SAN FRANCISCO--(BUSINESS WIRE)-- PG&E Corporation’s (NYSE: PCG) first-quarter 2019 net income available for common shareholders was $136 million, or $0.25 per share, as reported in accordance with generally accepted accounting principles (GAAP). This compares with net income available for common shareholders of $442 million, or $0.86 per share, for the first quarter of 2018.

GAAP results include items that management does not consider part of normal, ongoing operations (items impacting comparability), which totaled $410 million after-tax, or $0.79 per share, for the quarter. This was primarily driven by enhanced and accelerated electric asset inspection costs, clean-up and repair costs related to the 2018 Camp Fire, legal and other costs related to the 2017 Northern California wildfires and the 2018 Camp Fire, and financing, legal, and other costs related to PG&E Corporation’s and Pacific Gas and Electric Company’s (Utility) reorganization cases under Chapter 11 of the U.S. Bankruptcy Code (Chapter 11).

“The people of California look to PG&E to provide safe electric and natural gas service, and this remains our most important responsibility. Over the last several months, the company has heard the calls for change, and has executed a number of actions that position PG&E to be able to address the evolving needs of California. As we position PG&E for the long-term, we are continuing to implement programs that will make the communities we serve safer in the face of extreme weather and wildfire risk, while also recognizing that significant work remains to be done as our state collectively confronts the coming wildfire season and the challenges of climate change,” said PG&E Corporation Chief Executive Officer (CEO) and President Bill Johnson.

Mr. Johnson, who recently concluded a more than six-year tenure as President and CEO of the Tennessee Valley Authority, began his role at PG&E today.

In April, PG&E Corporation and the Utility named refreshed Boards of Directors that include 13 highly accomplished individuals committed to further enhancing PG&E’s safety culture, to understanding and properly responding to customer concerns, and to fairly treating wildfire victims, employees, retirees and other interested parties. Former state and federal regulator Nora Mead Brownell was named as Chair of the Board of PG&E Corporation, and former U.S. Ambassador Jeffrey Bleich was named as Chair of the Board of the Utility. PG&E Corporation also engaged former National Transportation Safety Board Chairman Chris Hart to be a special independent safety advisor to PG&E Corporation’s CEO and President. Mr. Johnson was separately named to the Board of the Utility, effective today.

PG&E Corporation will also propose to increase the maximum size of its Board to 15 directors, to be voted on at the Annual Shareholders Meeting. In connection with that proposal, Mr. Johnson will stand for election to the PG&E Corporation Board for one of the two new seats, and the Nominating and Governance Committee will begin the search process for the fifteenth director position, focusing on candidates with strong clean energy/clean technology experience, a background in network and customer technology, strong ties to California, and expertise in California’s clean energy goals.

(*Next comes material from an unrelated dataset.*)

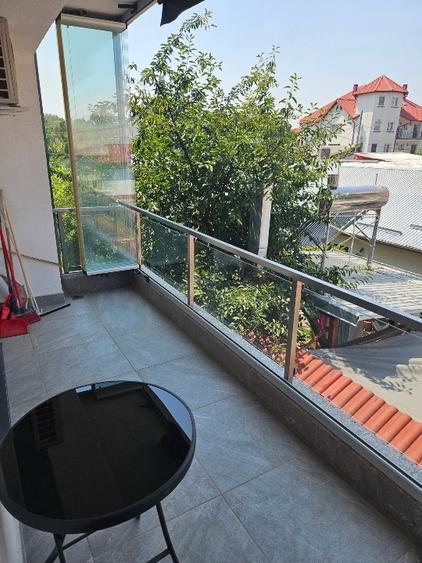 Inchiriez apartament 3 camere Parcul Circului / Tei - 12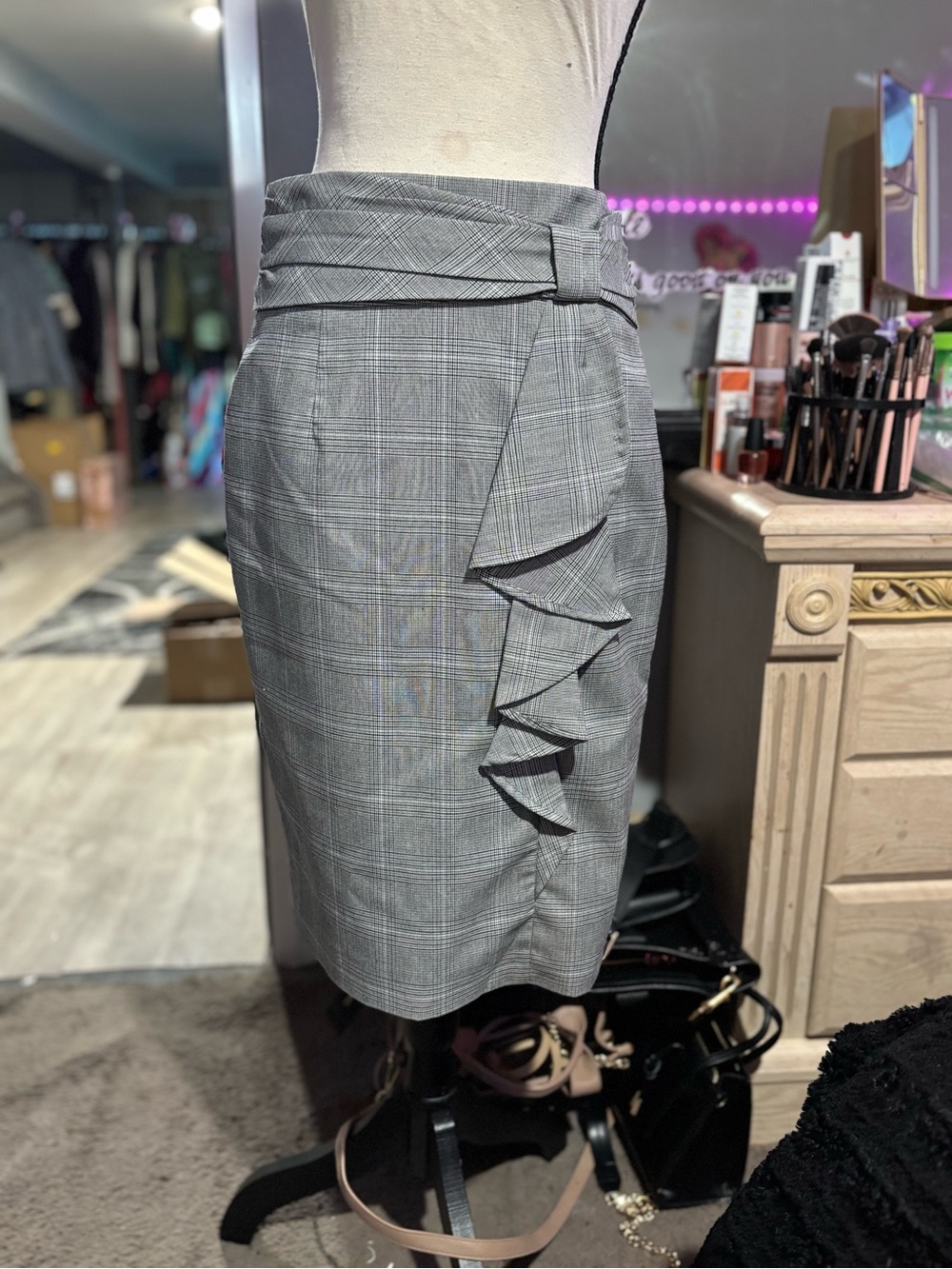 NWOT Gray Plaid Ruffle Pencil Skirt Hi - Classic Professional Style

In the months ahead, PG&E Corporation and the Utility remain committed to delivering safe and reliable electric and natural gas service to customers, and to continuing to make critical investments in system safety and maintenance. This includes the Utility’s work to further reduce the risk of wildfire in the communities it serves, and to rebuild infrastructure in areas impacted by wildfires.

PG&E is taking action by:

  • Further enhancing vegetation management efforts across high and extreme fire-threat areas to address vegetation that poses higher potential for wildfire risk, including removing or trimming particular tree species that have exhibited a higher pattern of failing;
  • Conducting enhanced safety inspections of electric infrastructure in high fire-threat areas, including approximately 735,000 electric towers and poles across approximately 5,700 transmission line miles and 25,200 distribution line miles; and
  • Expanding procedures for turning off power for safety during wildfire season to include all transmission and distribution lines in high and extreme fire-threat areas.

These wildfire safety actions and programs are part of PG&E’s 2019 Wildfire Safety Plan that the Utility filed with the California Public Utilities Commission (CPUC) in February. The plan addresses the Utility’s unique and diverse service area and is subject to public review and annual approval by the CPUC.

Non-GAAP Earnings from Operations

PG&E Corporation’s non-GAAP earnings from operations, which exclude items impacting comparability (IIC), were $546 million, or $1.04 per share, in the first quarter of 2019, compared with $468 million, or $0.91 per share, during the same period in 2018.

The increase in quarter-over-quarter non-GAAP earnings from operations was primarily driven by growth in rate base earnings, timing of insurance premiums and timing of taxes.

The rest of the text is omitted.